START DATA PROVIDED

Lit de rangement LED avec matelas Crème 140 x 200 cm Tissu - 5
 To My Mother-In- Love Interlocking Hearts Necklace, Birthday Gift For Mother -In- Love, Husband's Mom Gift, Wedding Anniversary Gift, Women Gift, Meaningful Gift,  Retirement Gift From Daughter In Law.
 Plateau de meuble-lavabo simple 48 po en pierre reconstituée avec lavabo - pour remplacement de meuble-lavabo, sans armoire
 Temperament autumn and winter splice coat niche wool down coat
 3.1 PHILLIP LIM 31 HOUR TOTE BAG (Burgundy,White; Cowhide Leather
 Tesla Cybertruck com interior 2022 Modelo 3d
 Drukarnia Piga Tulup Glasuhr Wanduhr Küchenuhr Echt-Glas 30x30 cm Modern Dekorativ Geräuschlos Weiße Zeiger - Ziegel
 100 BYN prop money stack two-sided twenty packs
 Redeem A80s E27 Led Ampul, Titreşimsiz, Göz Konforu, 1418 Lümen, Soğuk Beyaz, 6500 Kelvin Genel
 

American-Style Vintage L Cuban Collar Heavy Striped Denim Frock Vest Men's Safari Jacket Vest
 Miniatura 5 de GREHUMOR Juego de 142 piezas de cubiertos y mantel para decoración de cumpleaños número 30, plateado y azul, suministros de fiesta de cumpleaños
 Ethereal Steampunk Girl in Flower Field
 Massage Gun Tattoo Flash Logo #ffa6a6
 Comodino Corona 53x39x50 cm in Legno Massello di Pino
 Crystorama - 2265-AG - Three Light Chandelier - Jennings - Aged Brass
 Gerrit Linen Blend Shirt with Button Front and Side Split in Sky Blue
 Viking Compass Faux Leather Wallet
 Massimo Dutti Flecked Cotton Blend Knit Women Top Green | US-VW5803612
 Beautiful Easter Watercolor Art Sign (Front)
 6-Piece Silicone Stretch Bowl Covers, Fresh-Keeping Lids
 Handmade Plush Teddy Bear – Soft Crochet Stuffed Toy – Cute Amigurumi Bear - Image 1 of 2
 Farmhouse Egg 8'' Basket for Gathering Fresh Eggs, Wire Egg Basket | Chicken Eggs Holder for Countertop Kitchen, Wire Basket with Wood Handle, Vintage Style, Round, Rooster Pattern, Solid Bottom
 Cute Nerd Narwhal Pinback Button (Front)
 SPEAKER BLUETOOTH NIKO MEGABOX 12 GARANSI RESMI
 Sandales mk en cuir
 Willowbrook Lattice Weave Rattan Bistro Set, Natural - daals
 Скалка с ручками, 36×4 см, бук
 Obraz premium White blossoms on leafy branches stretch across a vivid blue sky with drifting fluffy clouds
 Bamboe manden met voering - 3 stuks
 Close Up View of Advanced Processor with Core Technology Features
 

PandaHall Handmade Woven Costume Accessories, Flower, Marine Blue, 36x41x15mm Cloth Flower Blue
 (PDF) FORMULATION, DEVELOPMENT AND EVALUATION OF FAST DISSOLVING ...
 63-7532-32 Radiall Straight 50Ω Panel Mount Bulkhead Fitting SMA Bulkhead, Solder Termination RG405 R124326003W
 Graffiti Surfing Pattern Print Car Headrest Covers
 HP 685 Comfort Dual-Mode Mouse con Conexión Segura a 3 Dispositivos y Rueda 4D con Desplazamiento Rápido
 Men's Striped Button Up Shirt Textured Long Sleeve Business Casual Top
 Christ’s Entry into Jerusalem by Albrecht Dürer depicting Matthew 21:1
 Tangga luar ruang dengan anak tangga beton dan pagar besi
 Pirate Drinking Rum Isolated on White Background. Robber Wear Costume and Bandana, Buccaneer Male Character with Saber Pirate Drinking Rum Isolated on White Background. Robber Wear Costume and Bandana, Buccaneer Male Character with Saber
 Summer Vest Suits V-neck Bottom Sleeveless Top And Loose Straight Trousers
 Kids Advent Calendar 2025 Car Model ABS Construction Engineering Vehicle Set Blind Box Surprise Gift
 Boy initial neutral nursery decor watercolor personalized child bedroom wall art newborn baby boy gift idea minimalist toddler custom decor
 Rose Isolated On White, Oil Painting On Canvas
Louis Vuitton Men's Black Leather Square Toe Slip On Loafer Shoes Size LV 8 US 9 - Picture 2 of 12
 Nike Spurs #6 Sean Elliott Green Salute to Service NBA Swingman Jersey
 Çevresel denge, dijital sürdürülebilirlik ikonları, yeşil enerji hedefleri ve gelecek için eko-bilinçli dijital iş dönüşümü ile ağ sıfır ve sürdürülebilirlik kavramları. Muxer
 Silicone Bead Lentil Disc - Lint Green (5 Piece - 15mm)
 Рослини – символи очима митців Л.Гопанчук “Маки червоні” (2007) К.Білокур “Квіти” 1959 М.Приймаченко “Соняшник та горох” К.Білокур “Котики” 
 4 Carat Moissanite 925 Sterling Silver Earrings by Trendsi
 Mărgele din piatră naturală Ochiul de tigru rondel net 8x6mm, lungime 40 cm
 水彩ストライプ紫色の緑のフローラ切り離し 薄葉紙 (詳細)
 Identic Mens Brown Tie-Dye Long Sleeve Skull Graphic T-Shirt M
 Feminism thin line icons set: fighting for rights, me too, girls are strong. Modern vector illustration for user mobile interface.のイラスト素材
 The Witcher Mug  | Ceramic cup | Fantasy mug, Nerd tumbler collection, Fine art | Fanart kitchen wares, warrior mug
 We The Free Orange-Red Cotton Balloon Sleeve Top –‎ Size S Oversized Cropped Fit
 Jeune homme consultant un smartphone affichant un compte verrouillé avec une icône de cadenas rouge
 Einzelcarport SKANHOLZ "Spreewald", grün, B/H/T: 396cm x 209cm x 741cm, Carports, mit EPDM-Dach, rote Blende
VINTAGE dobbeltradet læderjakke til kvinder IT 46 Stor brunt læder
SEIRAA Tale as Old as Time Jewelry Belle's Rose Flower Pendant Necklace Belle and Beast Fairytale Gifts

END DATA PROVIDED

• **WORK INSTRUCTIONS**:
Using the records above, restate word for word the lines from the one with "SPEAKER BLUETOOTH NIKO" through the one with "Close Up View", both included.

• **TASK RESPONSE**:
 SPEAKER BLUETOOTH NIKO MEGABOX 12 GARANSI RESMI
 Sandales mk en cuir
 Willowbrook Lattice Weave Rattan Bistro Set, Natural - daals
 Скалка с ручками, 36×4 см, бук
 Obraz premium White blossoms on leafy branches stretch across a vivid blue sky with drifting fluffy clouds
 Bamboe manden met voering - 3 stuks
 Close Up View of Advanced Processor with Core Technology Features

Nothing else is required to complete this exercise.